Mas algo nela ainda me incomodava. Uma altivez. Um orgulho. Aquilo me fazia querer quebrar as defesas dela com as mãos.

— Chefe... — Bruno apareceu na porta de novo. — Tem movimentação no acesso sul. Gente armada, sem identificação.

Merda.

O Alemão começava a mostrar os dentes.

— Manda descerem. Se for invasão, a gente segura aqui mesmo. Quero o chão daquele morro lavado antes do amanhecer.

E assim foi.

[...]

O tiroteio durou horas.

Doze mortos do lado de lá.

Quatro do nosso.

Um dos nossos mais antigos, Fabinho, tomou um tiro na cabeça.

Não deu tempo nem de socorrer.

Quando o silêncio voltou, a fumaça dos fuzis ainda flutuava no ar. A adrenalina me deixava insone. E, mesmo assim, meu pensamento não era só sobre o Alemão.

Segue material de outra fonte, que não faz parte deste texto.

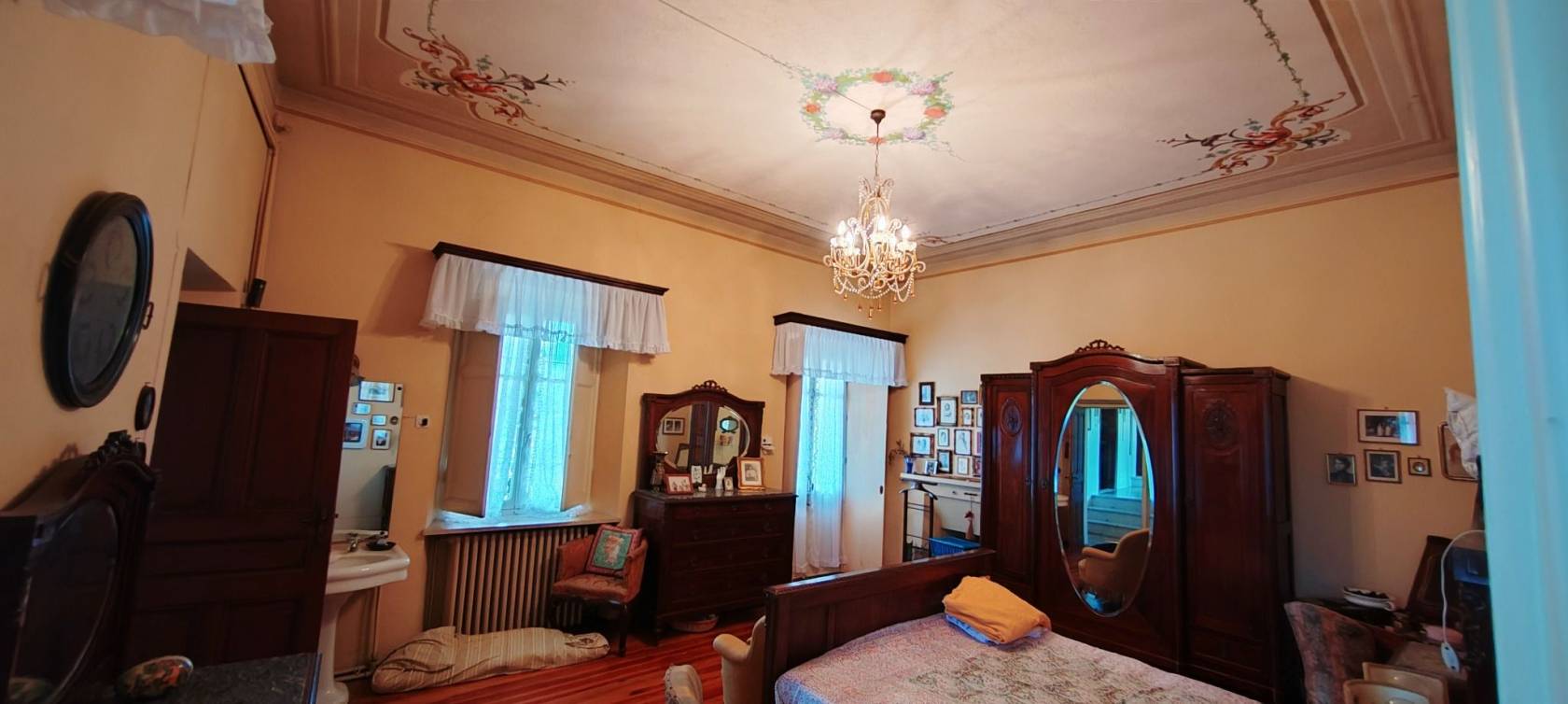 Camera da letto
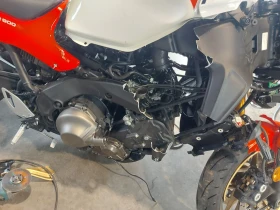 Обява за продажба на Yamaha XSR900 900 ~5 300 лв. - изображение 5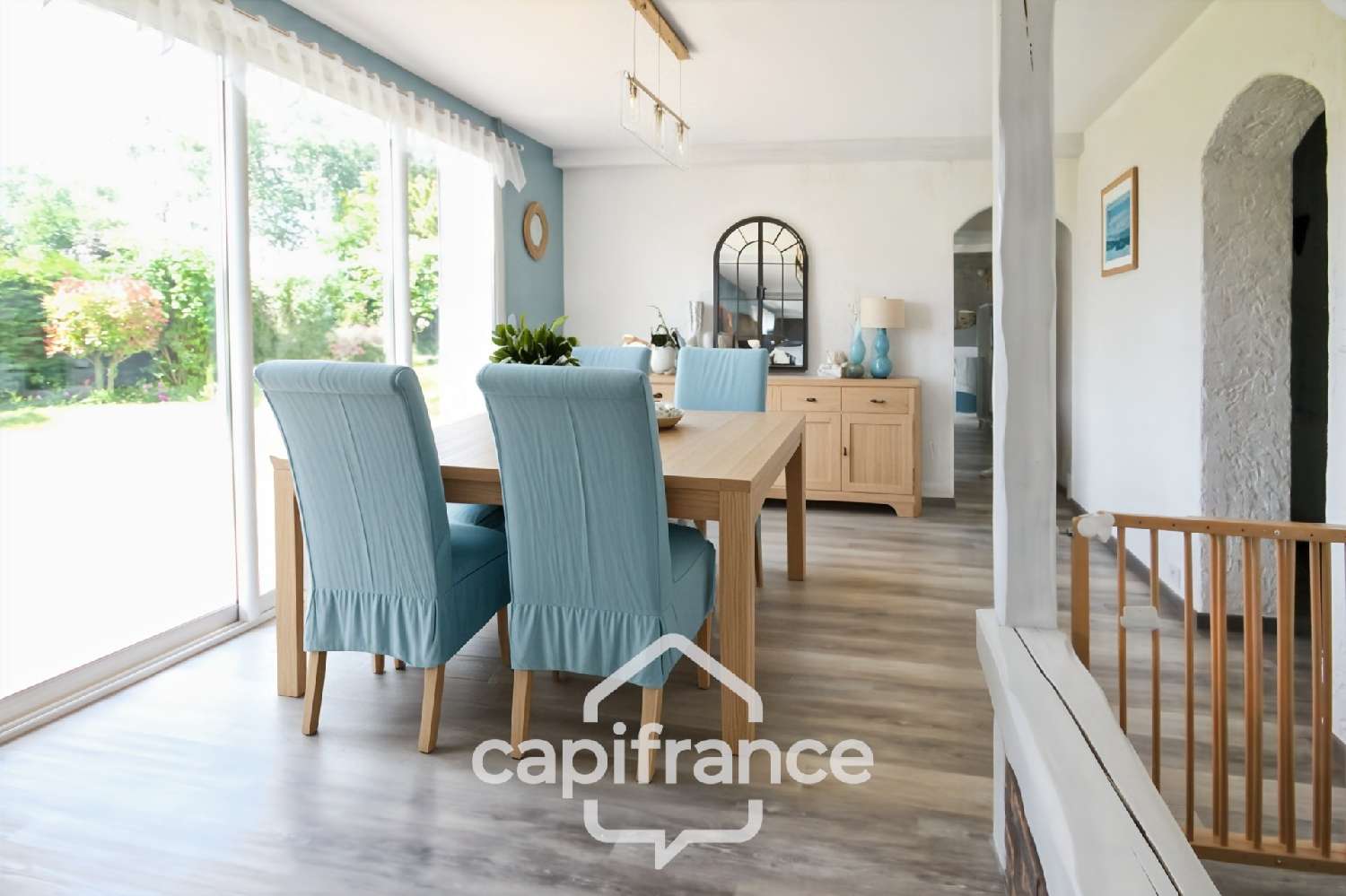 for sale house Fayet Aisne 8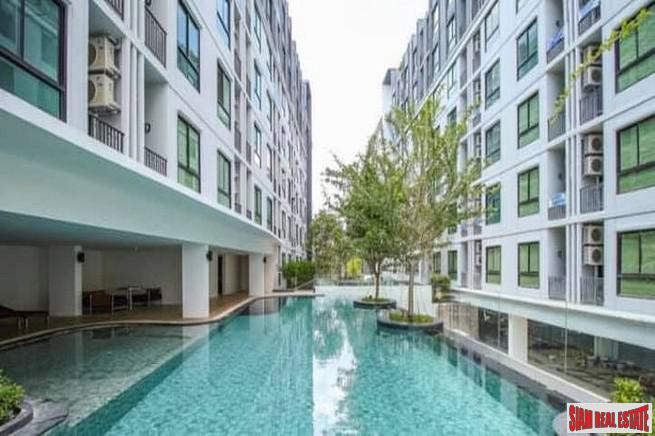 Notting Hill Sukhumvit 105 | Two Bedroom Fully Furnished Condo for Sale in Bangna with Excellent Building Facilities-11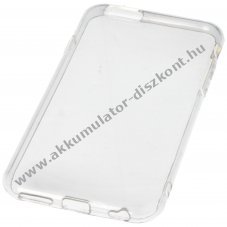 �tl�tsz� TPU tok Apple iPhone 6 / iPhone 6S l�gp�rn�s �t�sv�delem s�rgul�sg�tl�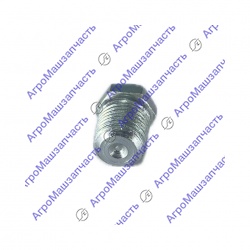 ПРОБКА КГ 1/4" А12.016\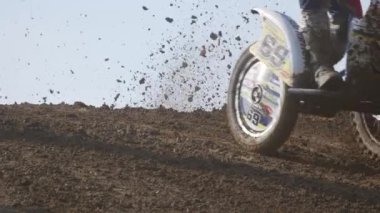 FIM sidecar motokros Dünya Şampiyonası, Chernivtsi, 5-6.05.2018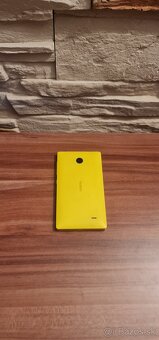 Nokia Lumia X dual sim - 3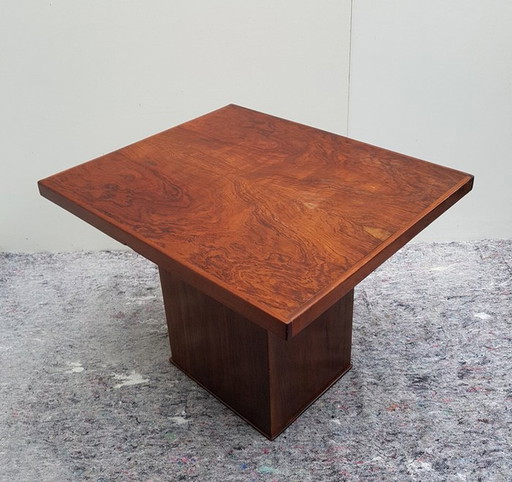 Rosewood Side/Coffee Table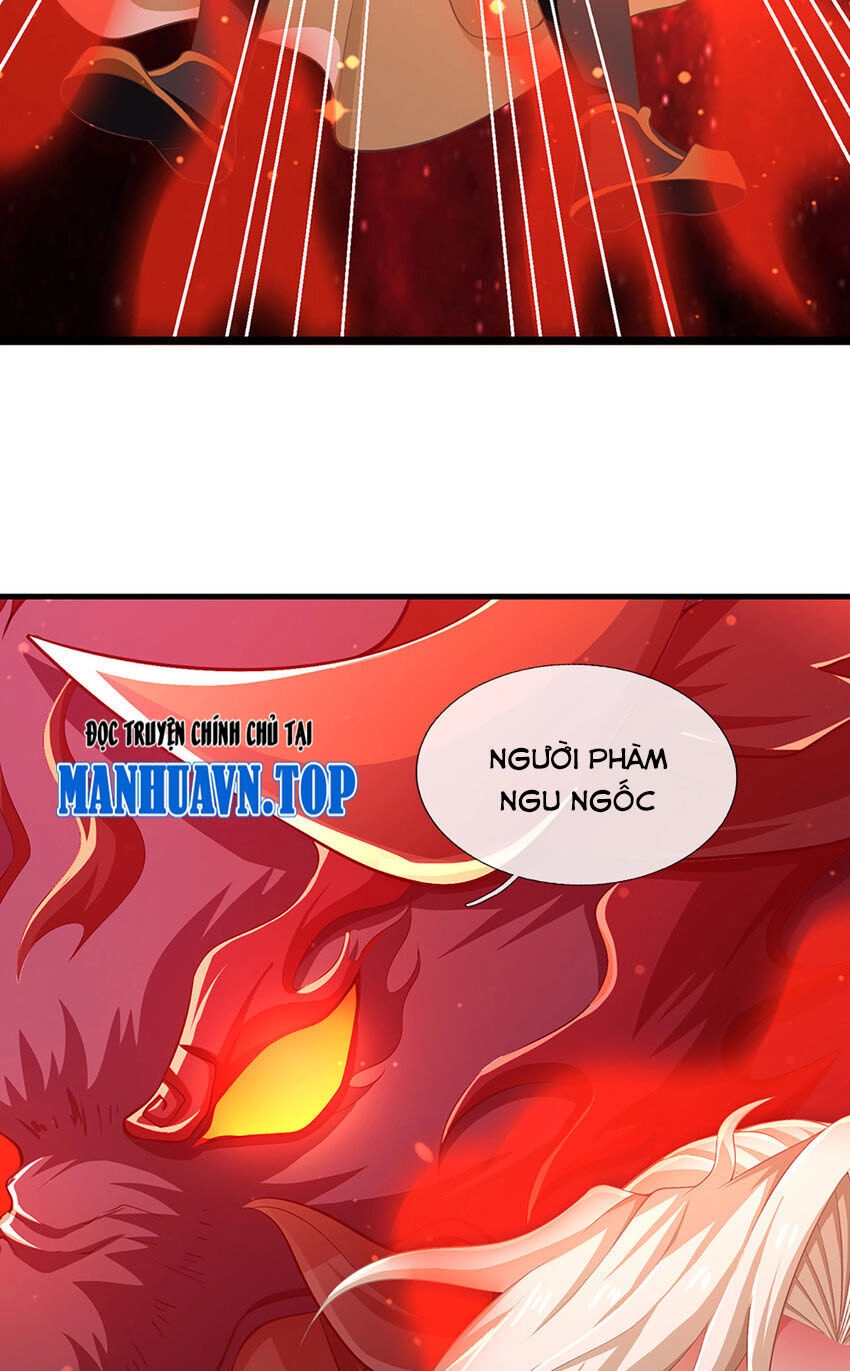 Lựa Chọn Thần Cấp: Ta Không Theo Sáo Lộ Mạnh Lên Chapter 86 - 10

Era sobre a porra da minha vida inteira.

Sobre a médica que por ventura, sem nem saber onde entrou, foi arrastada para o meu mundo onde só há caos e sofrimento.

[...]

Eu a vi duas noites depois.

Plantão da madrugada.

Usei um dos meus caras mais discretos pra fingir ser segurança de hospital. Passou pela portaria, ficou no fundo da ala de emergência. Me enviou fotos dela atendendo, andando pelos corredores, brigando com outro residente.

Temperamental.

Linda.

Mas o que me pegava mesmo era a raiva dela daquilo tudo. O desprezo. Era como se ela carregasse ódio do mundo inteiro nas costas, e ainda assim, tivesse escolhido salvar vidas.

Incompatível. E por isso... interessante.

— Chefe, quer que a gente encoste nela de novo?

— Não — respondi. — Ainda não. Mas... me consiga o número pessoal dela.

— Vai ligar?

— Talvez.

Talvez não.

Talvez eu só queira saber que, se eu quiser, posso.

[...]

No meio disso tudo, o Alemão mandou recado.

“Ou vocês recuam, ou vai morrer até criança de colo.”

Pior escolha da vida dele.

O plano que montei com os vapores era claro: vamos fingir um recuo. Desmobilizar dois pontos estratégicos.

E quando eles invadirem, caem numa emboscada.

Simples. Rápido. Mortal.

Mas enquanto tudo era armado, meu olhar ainda voltava pra Mariana.

— Por que você, hein, doutora? — murmurei sozinho, diante de uma garrafa de uísque.

Ela mexia com algo dentro de mim que eu não sabia nomear.

Mas sei reconhecer um vício quando vejo um.

E ela era isso.

Um vício começando a se instalar.

E todo vício precisa ser controlado.